What you have to do — Please repeat exactly the lines from the one containing "157 Lakeview Drive" to the end of the entries below, both included, and omit all pictures.

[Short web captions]
= = =

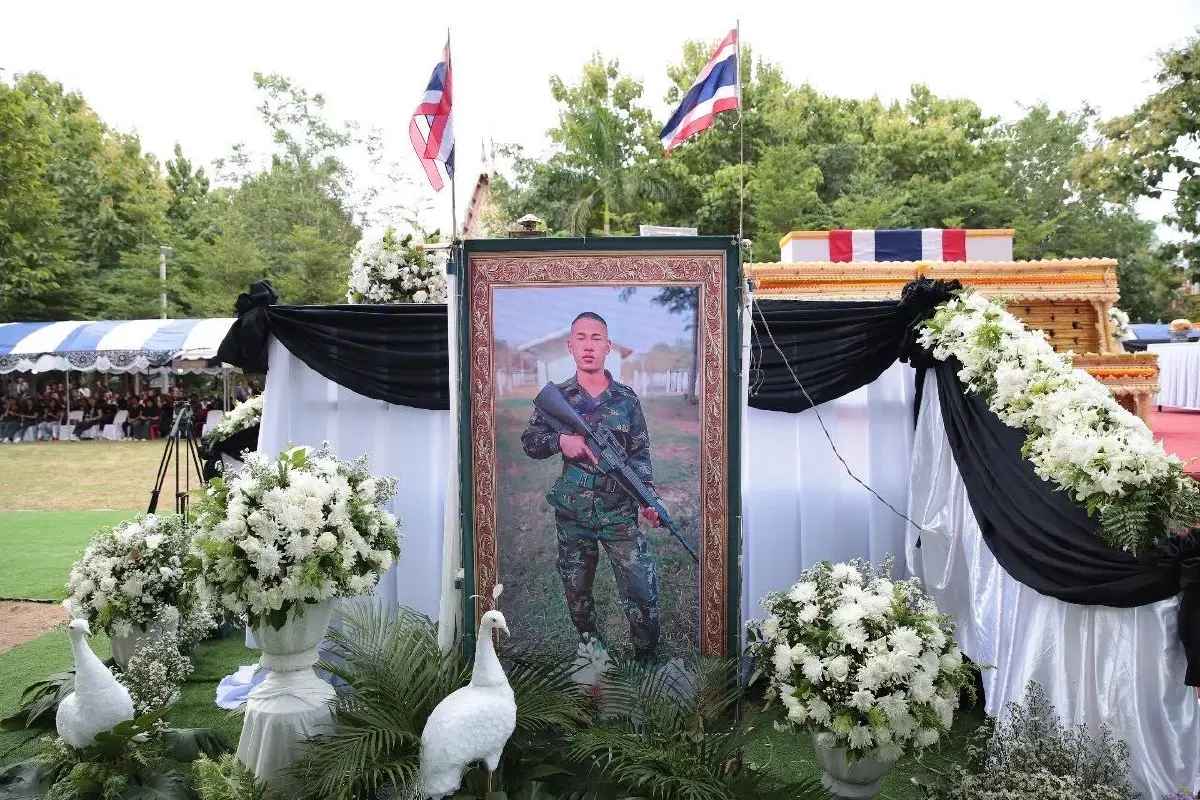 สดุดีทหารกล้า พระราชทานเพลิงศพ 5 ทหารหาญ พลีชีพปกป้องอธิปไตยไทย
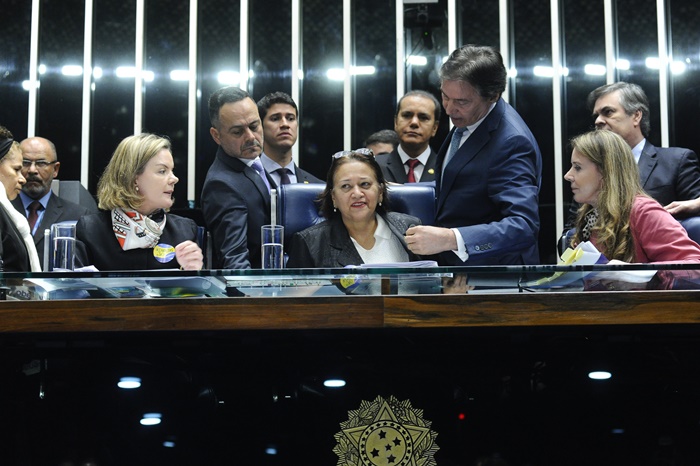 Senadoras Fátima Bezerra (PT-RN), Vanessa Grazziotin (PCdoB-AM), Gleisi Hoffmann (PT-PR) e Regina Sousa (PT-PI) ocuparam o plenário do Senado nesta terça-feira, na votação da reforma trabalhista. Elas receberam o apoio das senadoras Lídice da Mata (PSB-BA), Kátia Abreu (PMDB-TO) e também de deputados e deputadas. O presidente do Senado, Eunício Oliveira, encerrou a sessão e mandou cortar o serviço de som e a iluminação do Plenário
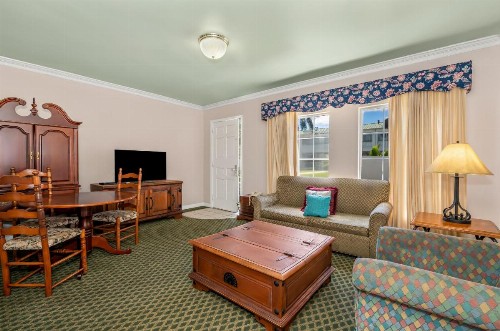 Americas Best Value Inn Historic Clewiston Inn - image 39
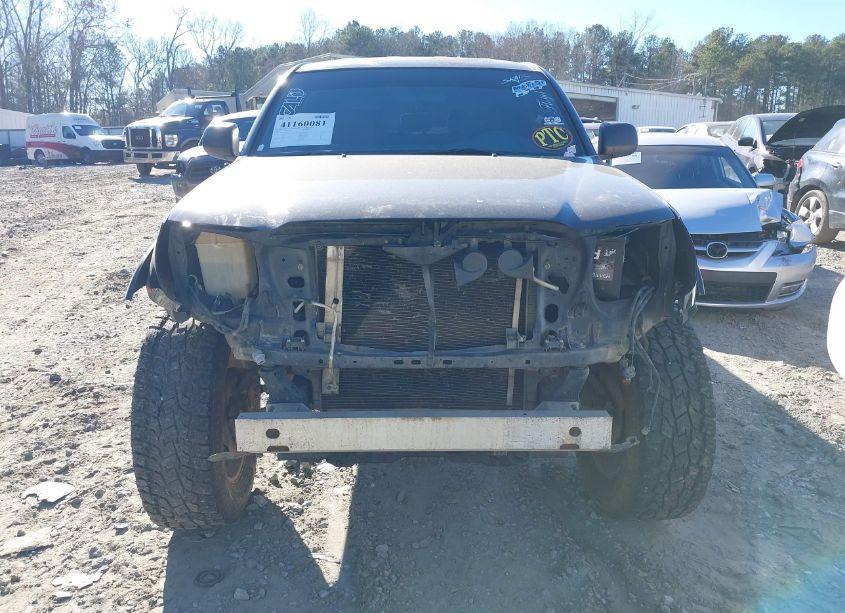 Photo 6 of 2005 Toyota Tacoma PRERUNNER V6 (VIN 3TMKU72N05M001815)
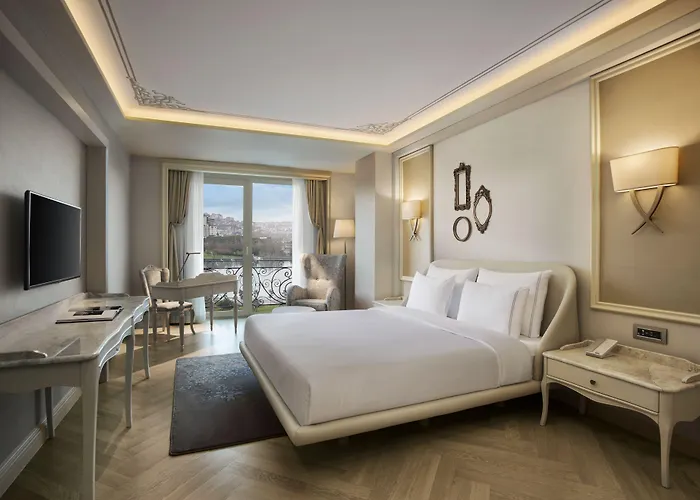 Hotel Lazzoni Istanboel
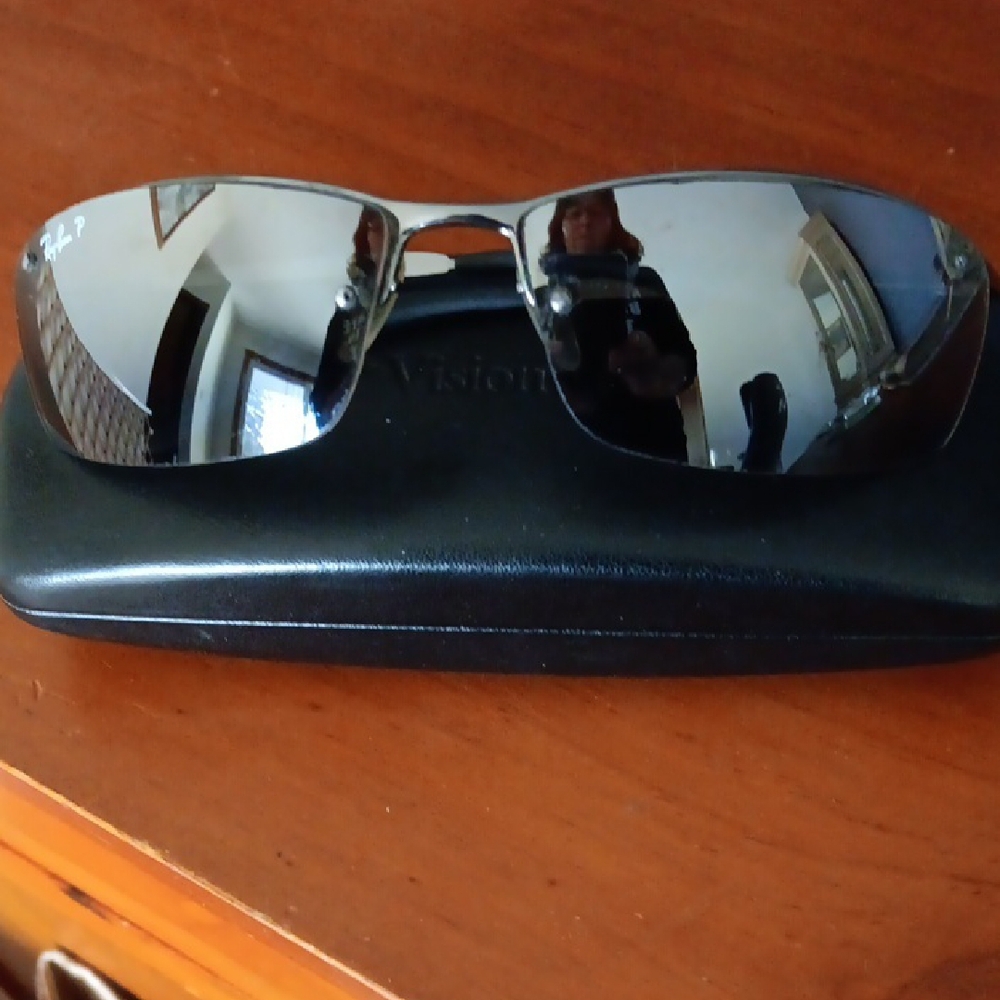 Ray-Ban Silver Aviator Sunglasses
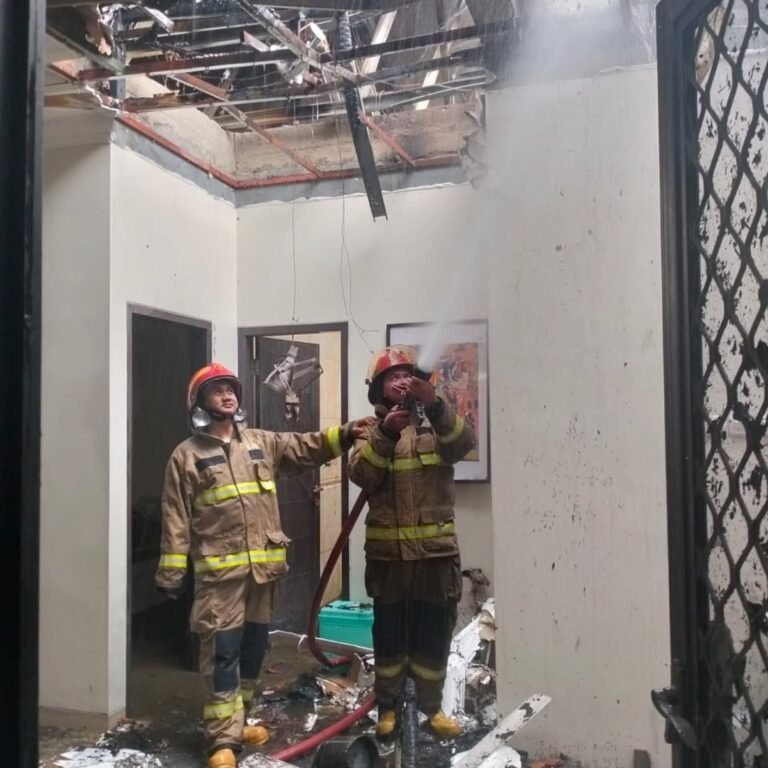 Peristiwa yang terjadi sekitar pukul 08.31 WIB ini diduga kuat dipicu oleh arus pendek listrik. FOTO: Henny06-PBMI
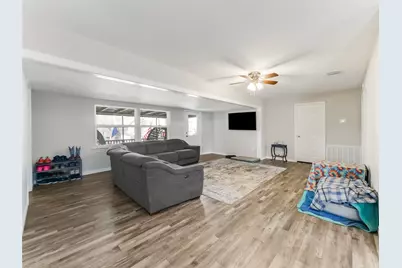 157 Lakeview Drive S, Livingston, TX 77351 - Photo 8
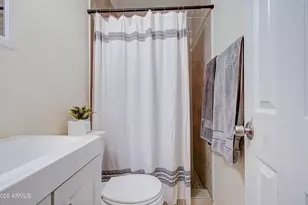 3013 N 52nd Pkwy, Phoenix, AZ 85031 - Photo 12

= = =

Result for this exercise —
 157 Lakeview Drive S, Livingston, TX 77351 - Photo 8
 3013 N 52nd Pkwy, Phoenix, AZ 85031 - Photo 12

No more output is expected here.